Conan, following his adventures with the Bamulas is on the run again. Not from a human adversary but from a pride of Lions. He takes shelter in an abandoned castle and soon finds there is more the ruin than meets the eye. Thousands of lost souls begin to make their presence known before ultimately coalescing into a multi limbed monstrosity and doing battle with a troop of Stygian slavers who have also stumbled upon the deserted keep. The squamous and horrid creature quickly tears all but one of the slavers to shreds, stopping at simply driving that one insane. Conan, realizing he has no desire to finish his life on so ignominious an end, decides that discretion is the better part of valor and since the slavers won't be needing their horses simply takes one and makes his way away from the keep.
This was not a bad story, benefiting from not being long, but really didn't do much to improve the readers view of Conan the man if read immediately following Vale of Lost Women.

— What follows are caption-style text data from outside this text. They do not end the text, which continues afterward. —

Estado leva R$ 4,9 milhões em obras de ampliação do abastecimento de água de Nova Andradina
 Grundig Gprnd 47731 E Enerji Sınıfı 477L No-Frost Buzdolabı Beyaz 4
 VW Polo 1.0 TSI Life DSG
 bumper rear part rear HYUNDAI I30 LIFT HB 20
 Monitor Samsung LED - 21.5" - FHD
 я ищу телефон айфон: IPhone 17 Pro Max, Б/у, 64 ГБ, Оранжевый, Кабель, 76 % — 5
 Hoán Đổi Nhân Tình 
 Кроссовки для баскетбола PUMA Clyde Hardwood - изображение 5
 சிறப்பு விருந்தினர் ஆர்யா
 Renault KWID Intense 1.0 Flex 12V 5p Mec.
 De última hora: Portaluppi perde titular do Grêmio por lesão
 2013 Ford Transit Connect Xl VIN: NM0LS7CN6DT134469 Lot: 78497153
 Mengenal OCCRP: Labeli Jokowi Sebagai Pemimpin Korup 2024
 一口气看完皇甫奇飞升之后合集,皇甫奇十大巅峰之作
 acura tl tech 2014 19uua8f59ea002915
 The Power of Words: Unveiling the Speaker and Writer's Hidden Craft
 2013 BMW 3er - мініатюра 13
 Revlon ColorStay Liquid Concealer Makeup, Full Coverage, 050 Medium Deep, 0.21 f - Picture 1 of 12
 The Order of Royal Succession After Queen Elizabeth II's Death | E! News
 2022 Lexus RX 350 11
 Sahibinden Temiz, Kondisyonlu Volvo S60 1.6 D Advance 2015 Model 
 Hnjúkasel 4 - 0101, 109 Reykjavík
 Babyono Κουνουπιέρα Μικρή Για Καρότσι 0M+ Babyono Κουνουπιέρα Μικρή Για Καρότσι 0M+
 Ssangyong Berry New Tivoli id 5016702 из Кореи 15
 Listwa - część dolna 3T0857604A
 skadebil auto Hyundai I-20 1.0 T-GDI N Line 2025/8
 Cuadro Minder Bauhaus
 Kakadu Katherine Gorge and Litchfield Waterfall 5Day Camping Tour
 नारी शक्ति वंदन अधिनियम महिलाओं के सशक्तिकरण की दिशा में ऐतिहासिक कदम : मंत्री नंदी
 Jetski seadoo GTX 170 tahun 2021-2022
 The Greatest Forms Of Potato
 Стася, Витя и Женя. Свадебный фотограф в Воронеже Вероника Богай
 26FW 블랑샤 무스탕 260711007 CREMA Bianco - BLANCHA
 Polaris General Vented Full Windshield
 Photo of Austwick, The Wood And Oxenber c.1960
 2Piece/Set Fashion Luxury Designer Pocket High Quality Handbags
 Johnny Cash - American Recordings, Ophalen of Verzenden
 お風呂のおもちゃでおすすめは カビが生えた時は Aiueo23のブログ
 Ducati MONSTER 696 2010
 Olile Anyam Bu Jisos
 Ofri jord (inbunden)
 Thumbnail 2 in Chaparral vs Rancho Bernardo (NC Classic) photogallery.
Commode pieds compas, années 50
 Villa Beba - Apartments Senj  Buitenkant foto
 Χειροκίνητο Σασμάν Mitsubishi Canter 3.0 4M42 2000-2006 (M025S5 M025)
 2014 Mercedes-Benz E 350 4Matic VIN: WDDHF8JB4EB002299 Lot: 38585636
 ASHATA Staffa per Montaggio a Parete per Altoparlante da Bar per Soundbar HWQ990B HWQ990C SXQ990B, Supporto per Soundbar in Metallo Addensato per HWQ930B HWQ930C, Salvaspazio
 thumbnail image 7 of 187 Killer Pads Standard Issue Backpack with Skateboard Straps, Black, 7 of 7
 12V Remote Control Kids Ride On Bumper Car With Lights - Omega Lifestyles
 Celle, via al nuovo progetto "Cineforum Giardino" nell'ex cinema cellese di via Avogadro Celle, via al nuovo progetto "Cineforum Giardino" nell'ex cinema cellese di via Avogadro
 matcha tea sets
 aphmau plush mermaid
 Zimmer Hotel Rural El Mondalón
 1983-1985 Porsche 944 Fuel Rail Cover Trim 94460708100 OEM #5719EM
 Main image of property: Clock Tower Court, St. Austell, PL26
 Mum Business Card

It also re-used a lot of the tropes that DeCamp & Carter are well known for.. but the monstrosity had me feeling like I was watching a Hyborean age version of John Carpenter's The Thing.
Up Next, "The Snout in the Dark" By Robert E. Howard and L. Sprague DeCamp
1 comment:
I always liked this one. The strange building had a nice, creepy, Lovecraftian feel to it and there's a nice build up to the appearance of the monster. I'd put this in my top five from Lin and Sprague.